Dave Marshall is an American guitarist who has performed with Pair-A-Dice, Fiona, Vince Neil, Slaughter, and Michael Jackson. He was a member of the Nashville-based band Scrap Metal, with Mark Slaughter, Kelly Keagy, and Nelson.

== Early life and career ==
Dave Marshall moved to Hollywood, California from the midwest in the mid 80s to attend GIT (Musicians Institute) He joined a few bands, including Mickey Knight, and Pair-A-Dice, a Sunset Strip Local favorite band that toured Japan in 1989. In 1990 he played with Brunette, a band that later formed Hardline (band). He paired up in 1991 with Fiona to record the album Squeeze.
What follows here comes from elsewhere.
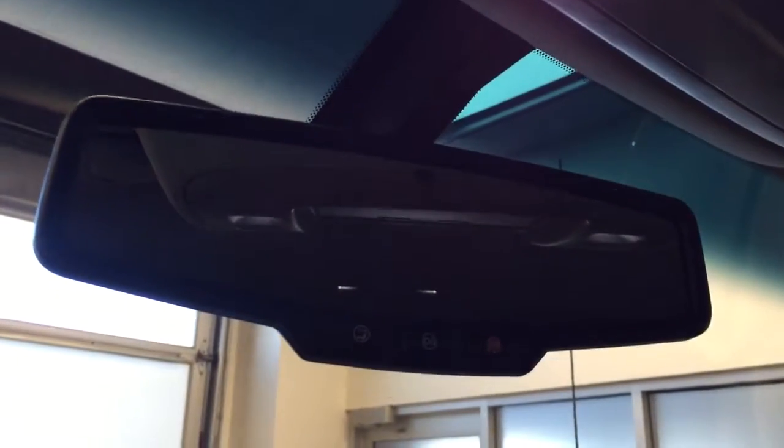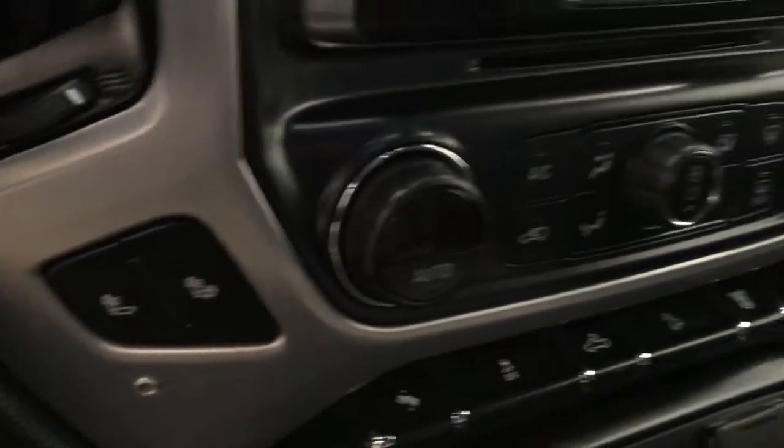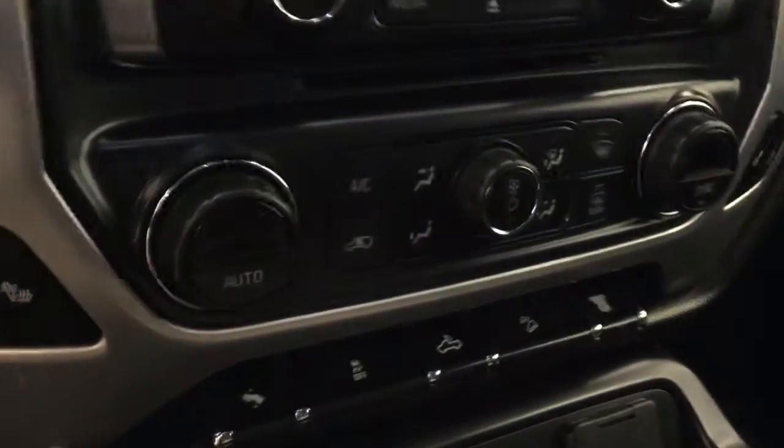Tilt steering, cruise control, hands-free communication and audio controls, garage door opener, OnStar 4G LTE with electrochromatic mirror, CD AM FM XM satellite ready with USB and auxiliary support, and heated seats.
In 1993 he joined the Vince Neil's (Mötley Crüe) solo band featuring Steve Stevens, Robbie Crane and Vik Foxx and toured with Van Halen, also touring worldwide, including multiple nights at Budokan. In 1995 he toured with Slaughter, filling-in for guitarist Tim Kelly. He also toured with Slaughter in 1998 after Tim Kelly passed, performing in Japan, Mexico, and in the US. He also performed on the Michael Jackson HIStory World Tour (1996–1998). Dave started working as a Musical Director on major tours. When not playing, Dave is a highly regarded guitar tech consultant, having served a wide array of legendary guitar players like Steve Vai, Peter Frampton, James Burton, Eddie Van Halen, Nine Inch Nails, Luis Miguel, A Perfect Circle, John Fogerty, Rod Stewart and more. As a guitar technician, he almost always performed double duty, playing additional guitar parts on and off stage.

==Discography==
===Fiona===
- Squeeze (1992)

=== Vince Neil ===

- Exposed (Vince Neil album)

===Pair A Dice===
- Midnight Train (2014)

==Gear==
While touring with Vince Neil, Dave Marshall used an electric guitar amp produced by Naylor amps.

Main touring guitar is Tom Anderson Guitarworks.